━━ Material shown

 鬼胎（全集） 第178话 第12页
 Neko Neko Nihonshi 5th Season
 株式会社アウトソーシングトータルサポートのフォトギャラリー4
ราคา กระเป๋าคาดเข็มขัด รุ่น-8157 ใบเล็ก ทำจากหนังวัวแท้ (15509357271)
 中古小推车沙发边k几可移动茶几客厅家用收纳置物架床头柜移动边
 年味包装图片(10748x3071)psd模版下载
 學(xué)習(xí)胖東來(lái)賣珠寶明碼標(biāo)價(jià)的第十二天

━━━━
━━ Material shown

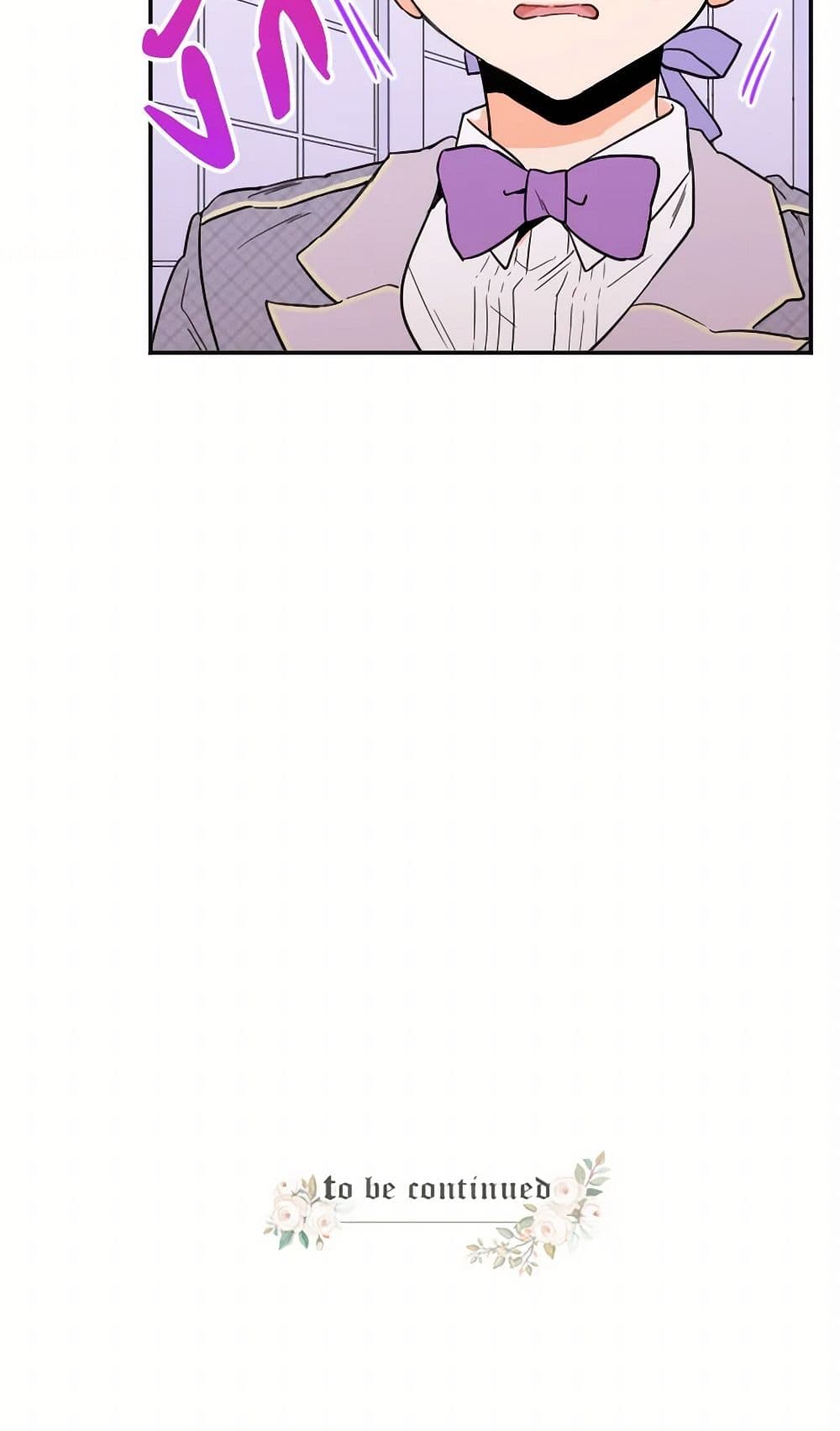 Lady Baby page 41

━━━━
━━ Material shown

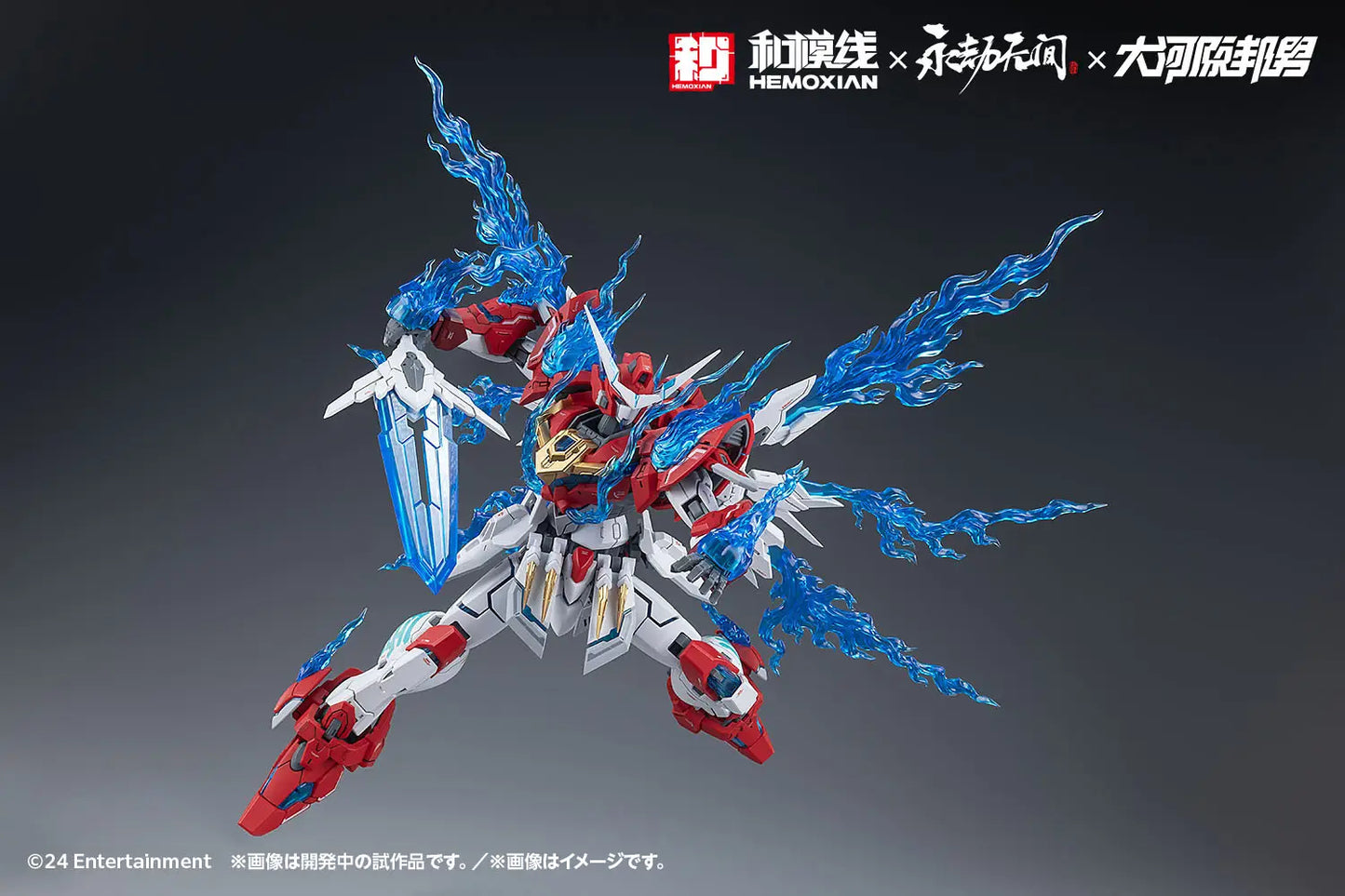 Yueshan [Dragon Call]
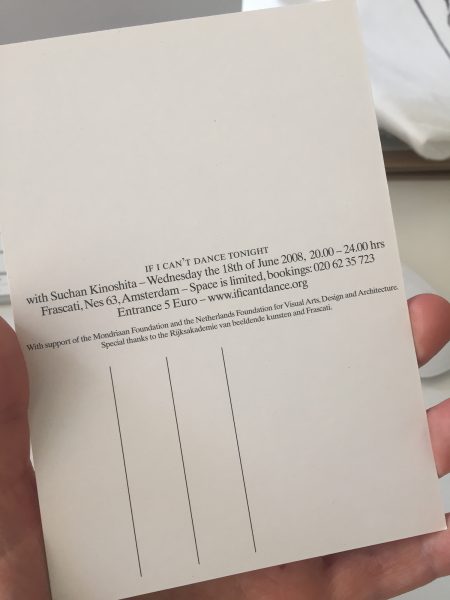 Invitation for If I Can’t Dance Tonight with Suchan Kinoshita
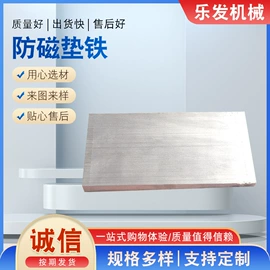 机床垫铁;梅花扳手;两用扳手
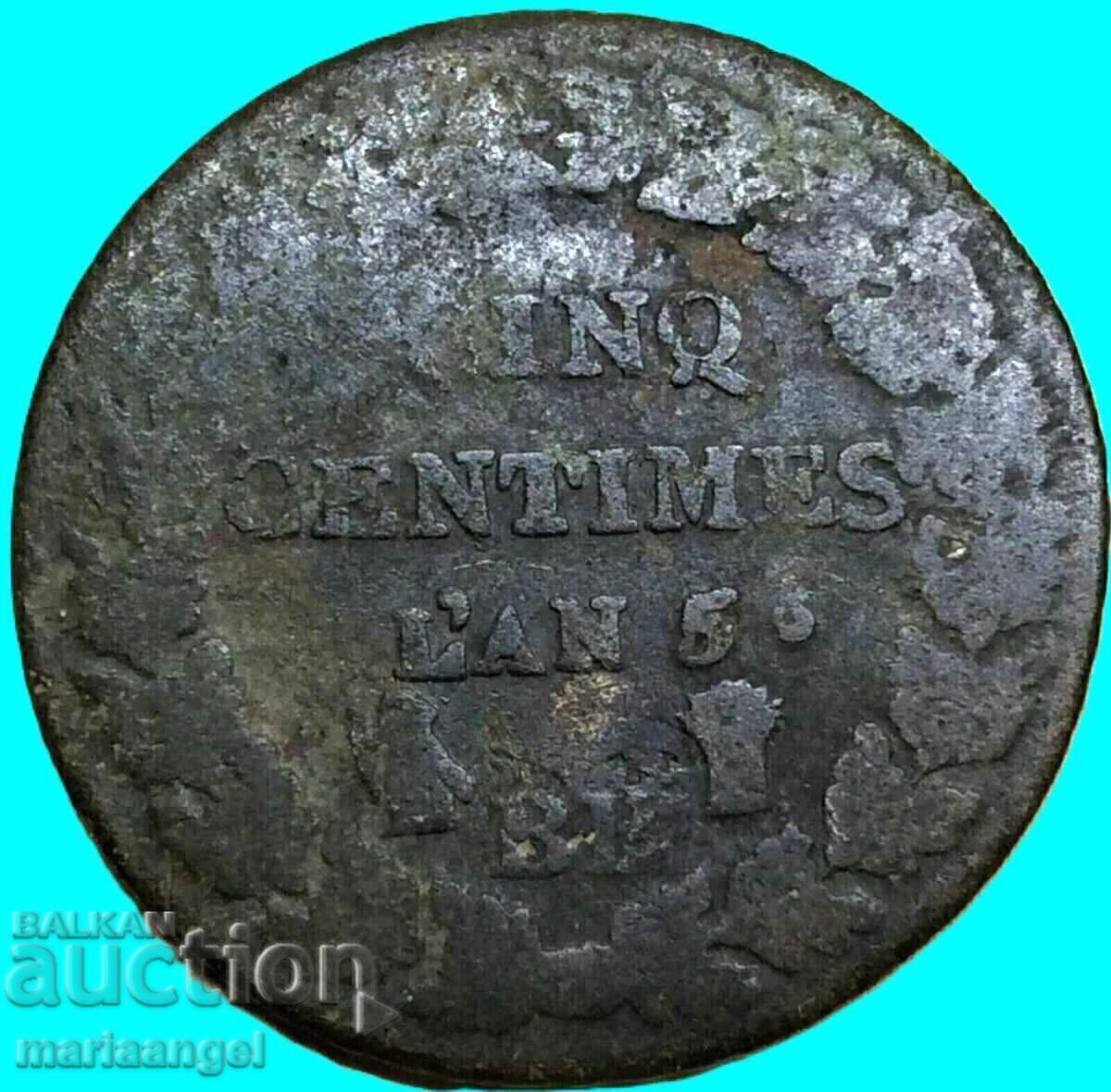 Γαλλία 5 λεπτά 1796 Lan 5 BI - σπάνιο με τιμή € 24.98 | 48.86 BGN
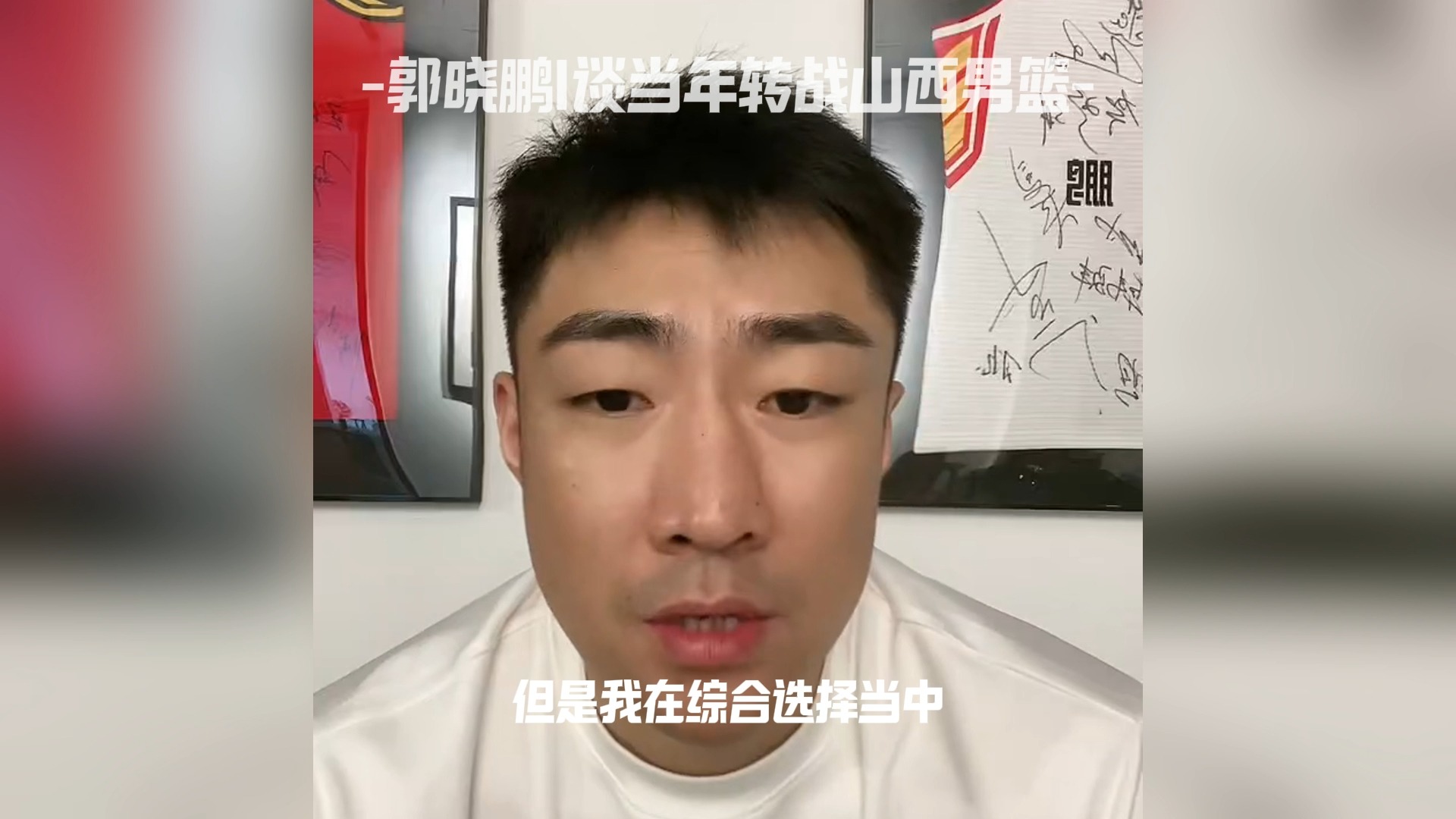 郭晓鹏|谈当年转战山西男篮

━━━━

> [Problem to solve]:
Within the data above, the lines from the one with "鬼胎（全集） 第178话 第12页" to the one with "學(xué)習(xí)胖東來" must be repeated exactly; no other line belongs in the answer.

> [Solution]:
 鬼胎（全集） 第178话 第12页
 Neko Neko Nihonshi 5th Season
 株式会社アウトソーシングトータルサポートのフォトギャラリー4
ราคา กระเป๋าคาดเข็มขัด รุ่น-8157 ใบเล็ก ทำจากหนังวัวแท้ (15509357271)
 中古小推车沙发边k几可移动茶几客厅家用收纳置物架床头柜移动边
 年味包装图片(10748x3071)psd模版下载
 學(xué)習(xí)胖東來(lái)賣珠寶明碼標(biāo)價(jià)的第十二天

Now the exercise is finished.